What drove him to this? I have often thought that it may have been something as simple as a lack of patience. No matter how much effort he infused into the art of fishing, he could not find it within himself to sit motionless in a boat, holding his arms out stiffly, waiting for hours, even days, until that moment when he sensed the slightest twinge in the line, at which moment his mind estimated the mass, depth, and species of the fish, calculated the time necessary for ingestion, the arc of the pole, torque of the hookset, tension of the drag, and length of play. No. He would stir, rise, fold his seat cushion, grab an oar, change a lure, move from seat to seat, lift anchor, drop anchor, change hats, whistle, sing, remove his shirt, fiddle with the oarlocks, tap his feet, inspect his fingernails, write in a notebook, read a book, wave at other boats, and, in the end, stumble over something in the bottom of the boat and end up flailing about in the water.
So this afternoon, I decided I had seen enough. I was about to give a little advice. I called out to him.
“Chauncey!”
“Go away.”
“No, listen to me.”
“What is it now?”
“Try live bait, a sucker on a number-six hook.”
“What for?”
“It increases the odds. Especially under these conditions.”
He responded with the usual dogma, there aint no fish in the lake, fish are a figment of the imagination, mystic blips on the mind, vestiges of primordial man that well up in the senses when under stress, a child’s slimy toy stuffed with ignorance, fear, and insecurity, swirling images produced by oxygen deprivation and most certainly, the sunstroke suffered by all fishermen, and so forth and so on. I waited until he lost his breath and I said it again.
“Been in the sun too long today?”
“Shut up.”
“I mean it, try live bait; a sucker on a number-six hook.”
“What is your problem?”
“Scared to try?”
“Look, little man, I will do it just to prove to you it cannot be done.“
“You can tell everyone it was your idea if it works.”
“Then will you go on your way and keep your ghosts to yourself?”
“Nobody else can see them anyhow.”
And he opened his tackle box, removed the plug from his line, and baited it with a sucker. Then, after glaring at me for a moment, he tossed it out into the open water.
“I got a big one out there once,” I said.
He didn’t say anything.
Suddenly, his rod bent double.
“What the…”
The rod was trembling, the tip touched the water. The boat tilted. The rod tip plunged under water and he nearly lost his grip.
“This can’t be!”
“Don’t horse it.”
He didn’t say anything. Now the fish was heading under the boat. He leaned over the side of the boat to look.
“My god…”
All at once, he threw his rod overboard and waved his arms.
“No, no - I can’t bear to look.”
He fell into the water and disappeared from sight.
And he was gone.

1 comments:

treasureensemble said...

at 10:59:48 PM these words, letter by letter,were hurriedly tapped out:

"...a child’s slimy toy stuffed with ignorance, fear, and insecurity..."

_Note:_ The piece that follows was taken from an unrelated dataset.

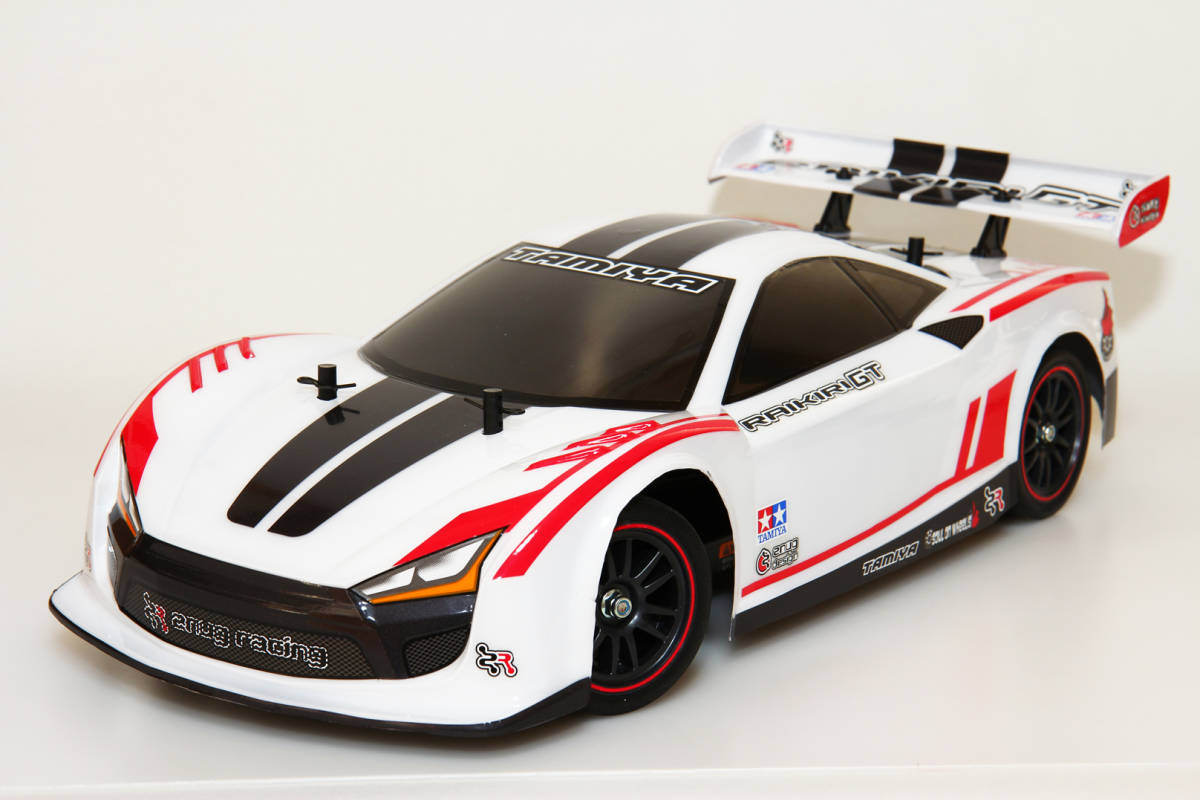 Yahoo!オークション - 未走行車。TT-02 ライキリGT。シャーシ&ボディ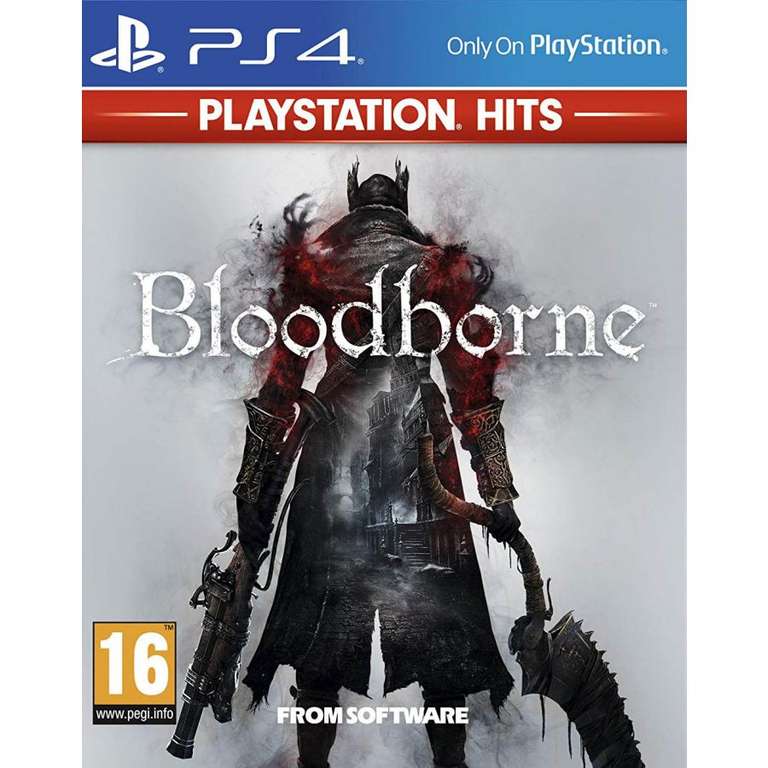 Bloodborne - PlayStation Hits (PS4) - £ 9.95 @ The Game Collection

they rang true. what was it about them? the poignant image? the accessible familiarity? the pathetic pitiable desperation? what was it? yes. yes. all of that. the image was so powerful that it evoked a false memory, and at that very moment i was the child, shivering in the dark, using the saliva and sweat soaked toy as a charm to ward off the demons that scratched at the window.